RECORDS SUPPLIED:
----
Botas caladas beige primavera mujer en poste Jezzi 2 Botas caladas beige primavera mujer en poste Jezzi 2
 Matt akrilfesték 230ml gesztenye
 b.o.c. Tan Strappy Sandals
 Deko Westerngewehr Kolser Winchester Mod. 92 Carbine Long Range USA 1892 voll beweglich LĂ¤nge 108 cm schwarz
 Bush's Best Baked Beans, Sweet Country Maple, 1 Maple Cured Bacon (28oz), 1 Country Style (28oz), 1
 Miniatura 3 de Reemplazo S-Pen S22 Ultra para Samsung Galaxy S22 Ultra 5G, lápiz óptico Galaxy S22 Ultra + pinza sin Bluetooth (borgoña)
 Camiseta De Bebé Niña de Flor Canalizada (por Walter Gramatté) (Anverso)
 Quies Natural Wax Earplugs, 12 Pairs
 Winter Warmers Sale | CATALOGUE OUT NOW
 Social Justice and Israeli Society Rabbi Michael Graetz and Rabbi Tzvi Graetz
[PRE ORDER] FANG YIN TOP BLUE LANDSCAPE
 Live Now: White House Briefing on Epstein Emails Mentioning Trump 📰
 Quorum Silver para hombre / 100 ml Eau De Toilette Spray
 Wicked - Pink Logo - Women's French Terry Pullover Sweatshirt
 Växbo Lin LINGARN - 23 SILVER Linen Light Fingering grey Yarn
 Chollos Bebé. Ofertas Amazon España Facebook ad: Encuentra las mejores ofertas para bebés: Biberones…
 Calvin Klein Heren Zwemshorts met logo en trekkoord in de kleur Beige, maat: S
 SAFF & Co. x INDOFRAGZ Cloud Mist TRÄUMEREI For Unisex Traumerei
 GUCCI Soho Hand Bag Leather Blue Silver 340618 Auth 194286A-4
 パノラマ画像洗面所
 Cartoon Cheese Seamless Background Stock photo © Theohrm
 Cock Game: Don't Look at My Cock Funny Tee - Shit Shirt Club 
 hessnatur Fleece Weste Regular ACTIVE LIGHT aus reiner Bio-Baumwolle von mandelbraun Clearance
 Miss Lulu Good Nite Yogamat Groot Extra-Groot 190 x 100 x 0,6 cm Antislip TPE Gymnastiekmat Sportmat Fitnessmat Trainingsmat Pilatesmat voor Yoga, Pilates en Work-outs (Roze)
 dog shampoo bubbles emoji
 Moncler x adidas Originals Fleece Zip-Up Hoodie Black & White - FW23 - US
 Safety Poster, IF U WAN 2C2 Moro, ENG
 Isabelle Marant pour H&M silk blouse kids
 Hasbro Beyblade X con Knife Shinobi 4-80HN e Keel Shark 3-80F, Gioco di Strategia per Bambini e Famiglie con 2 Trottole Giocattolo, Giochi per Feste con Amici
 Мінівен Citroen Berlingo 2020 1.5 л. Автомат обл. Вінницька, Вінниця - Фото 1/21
----
EXERCISE DIRECTIONS:
Repeat exactly the lines of the data from the first one through the line with "Bush's Best Baked", both of them included.

ANSWER BELOW:
Botas caladas beige primavera mujer en poste Jezzi 2 Botas caladas beige primavera mujer en poste Jezzi 2
 Matt akrilfesték 230ml gesztenye
 b.o.c. Tan Strappy Sandals
 Deko Westerngewehr Kolser Winchester Mod. 92 Carbine Long Range USA 1892 voll beweglich LĂ¤nge 108 cm schwarz
 Bush's Best Baked Beans, Sweet Country Maple, 1 Maple Cured Bacon (28oz), 1 Country Style (28oz), 1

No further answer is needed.